Although I’m a designer and not a programmer or server-side specialist, for a few years I’ve used Apache’s .htaccess to a limited degree for clients' websites, primarily for simple URL redirects and setting up custom error pages. Now that I can use Apache’s .htaccess for my own websites, I’ve been immersed in learning more about how to use this powerful tool conservatively but effectively to redirect URLs and to combat spammers and bad bots. Today’s post provides links to some of the online sources that I’ve found especially helpful.

First, A Word of Warning

Keep in mind that one little typo or incorrect rule within an .htaccess file can cause an internal server error and take your entire website offline. Especially if you’re new to using an .htaccess file, I highly recommend setting up a test directory to work on your .htaccess file. In addition, always make a backup of your .htaccess file before making any changes. That way, if you do happen to make a typo or other error, you can load your backup file again to keep your website up and running while you look for the source of the problem(s).

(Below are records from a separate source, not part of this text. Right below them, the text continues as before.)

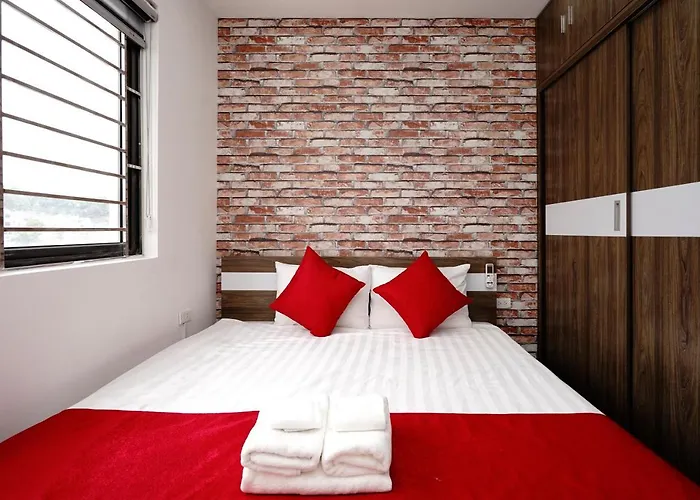 *ha Long @ Sunrise - 2 Br Appartement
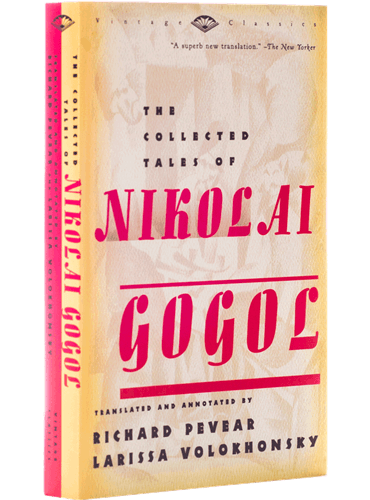 The Collected Tales of Nikolai Gogol 02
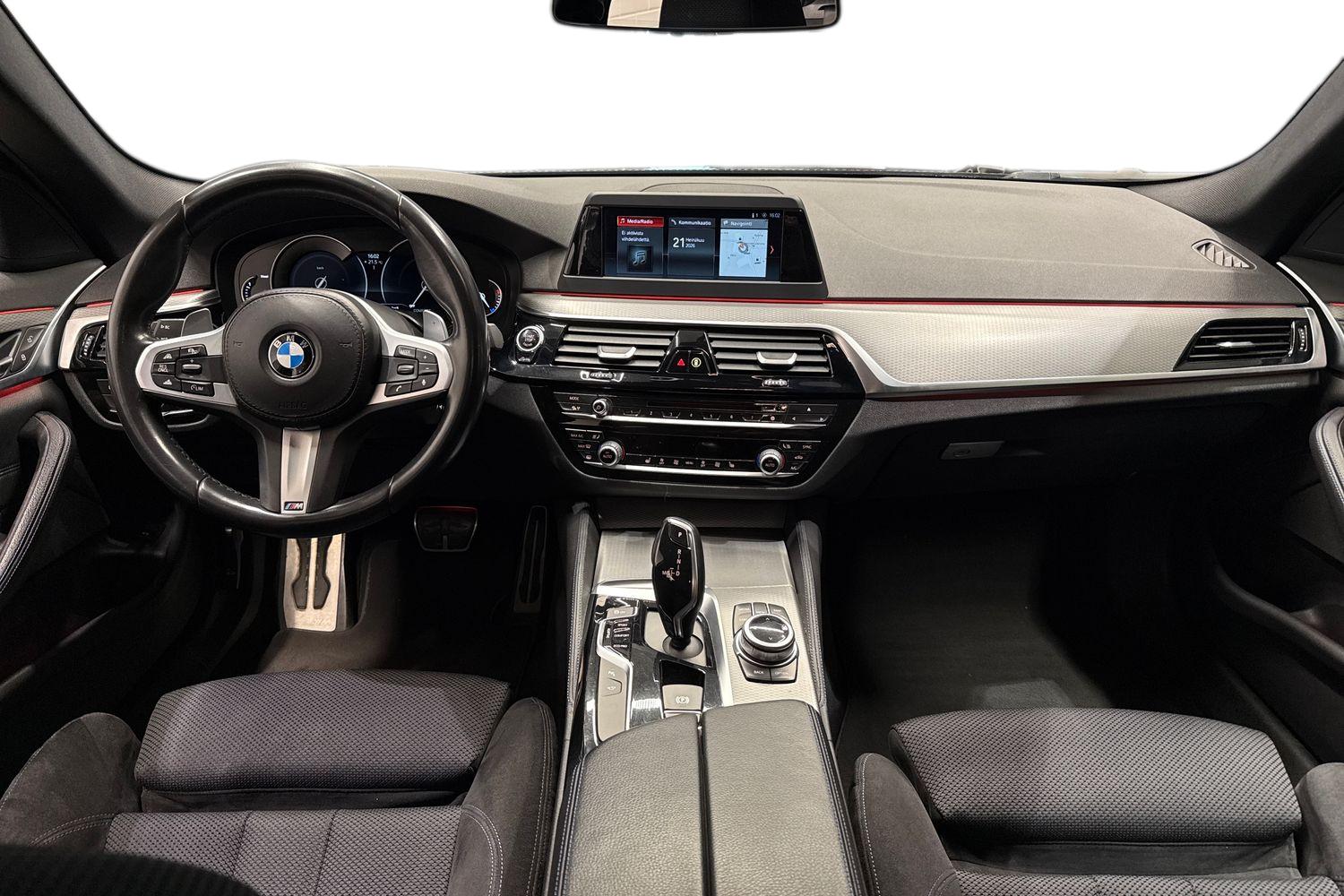 BMW 530 2017, kuva 7/29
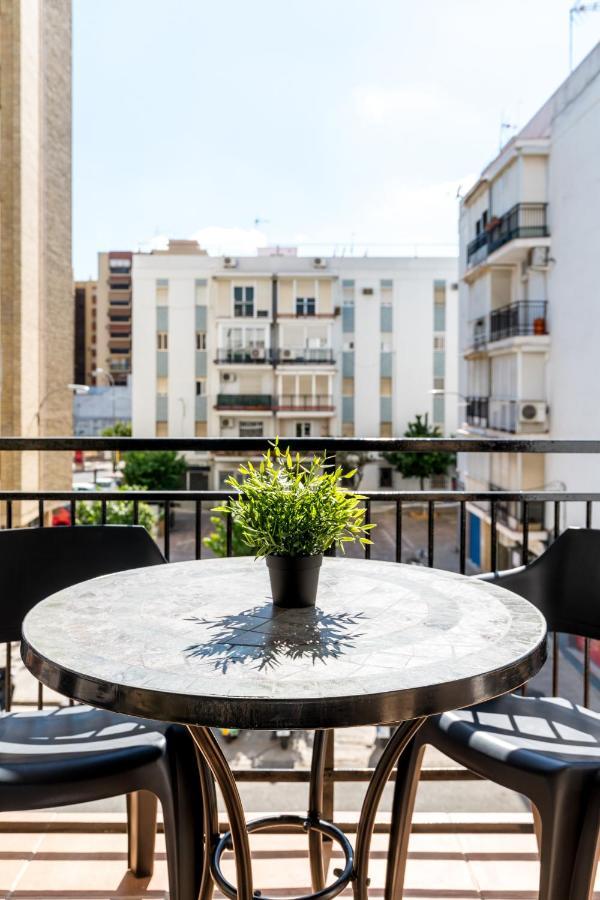 La Francesa Triana Διαμέρισμα Σεβίλλη Εξωτερικό φωτογραφία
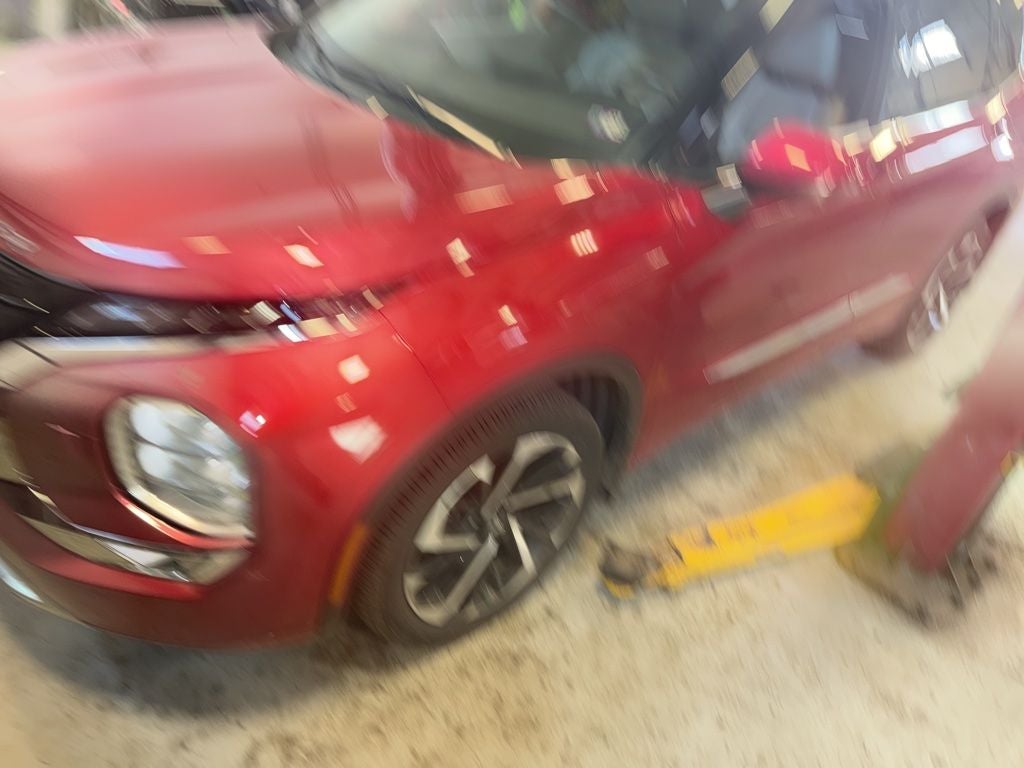 2022 Mitsubishi Outlander SEL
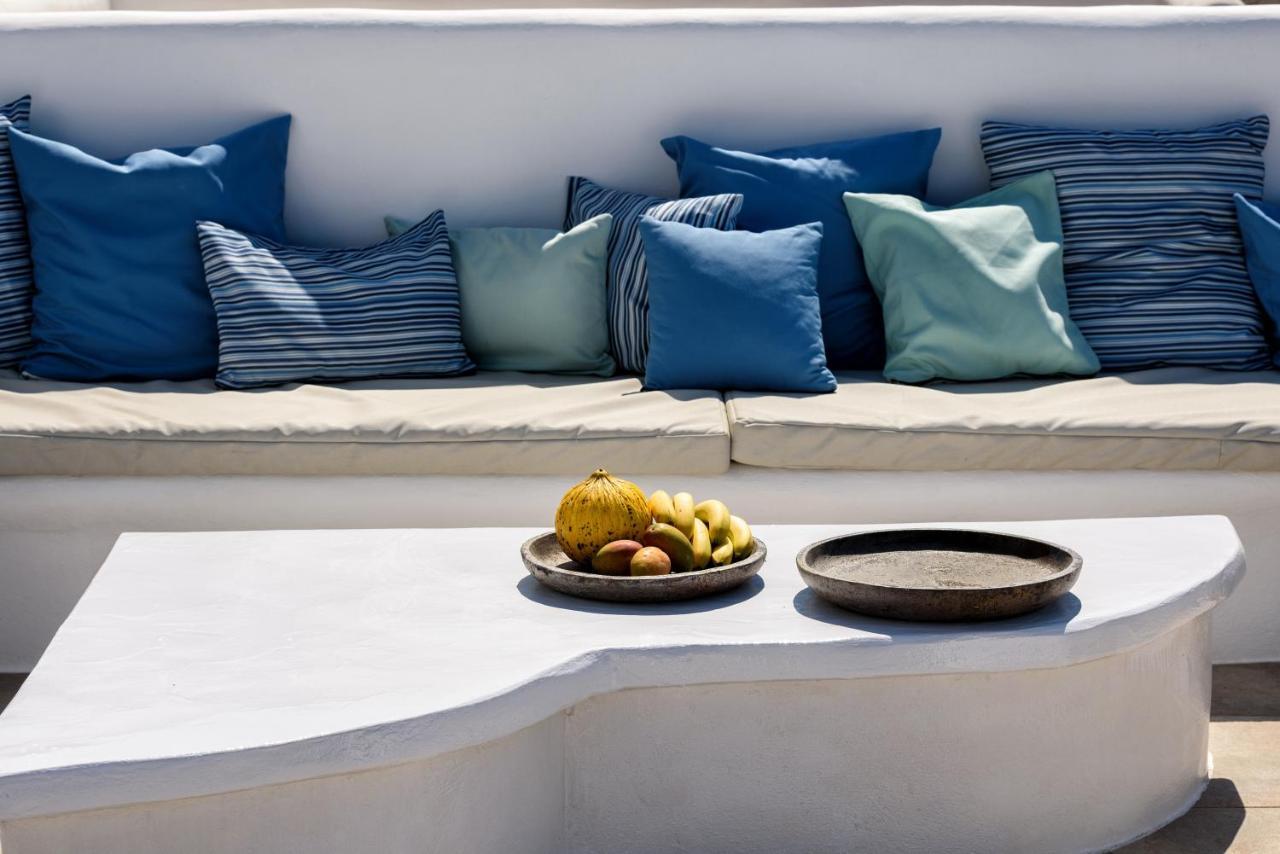 Hara'S Villa In Naousa , Paros 外观 照片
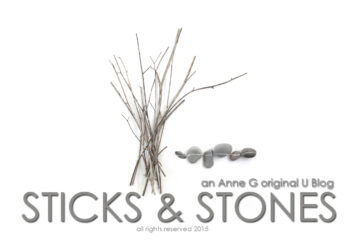 spillwords.com Sticks and Stones by Anne G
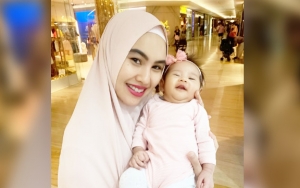 Kartika Putri Tak Terima Anaknya Disebut Mirip Sang Ayah, Beri Bukti Foto Masa Kecil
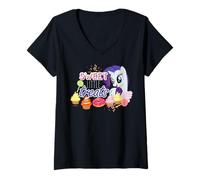 Donna My Little Pony Sweet Little Maglietta con Collo a V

In addition, many caution those new to .htaccess about not getting too carried away and ending up creating excessively big .htaccess files. Keep in mind that the server will process this file for each request at your website, so you don’t want to negatively impact your server’s performance. For those with access to the httpd.conf file on your Apache server, many recommend using that instead of .htaccess, especially for better server performance. Many of us on shared servers, though, don’t have access to it, including myself.

I prefer to think of .htaccess as just one of a variety of approaches and tools for managing URLs (especially URL redirecting), managing custom error pages, and combating bad bots and spammers. It’s a fantastic tool that I’m thrilled to be able to use for my own websites finally, including this one. (About two months ago all of my websites moved to a new server.)

Regarding combating bad bots and spammers, .htaccess is one of several tools and approaches that I use. My goal is to keep things simple and block the bad guys without blocking everyone else. No one single approach can do it all, though, and bad bots and spammers continually work on ways to get past all the blocking approaches discussed online. So far I’m able to block nearly all of the bad bots and spammers, but new ones always come along, so I watch my logs closely, too.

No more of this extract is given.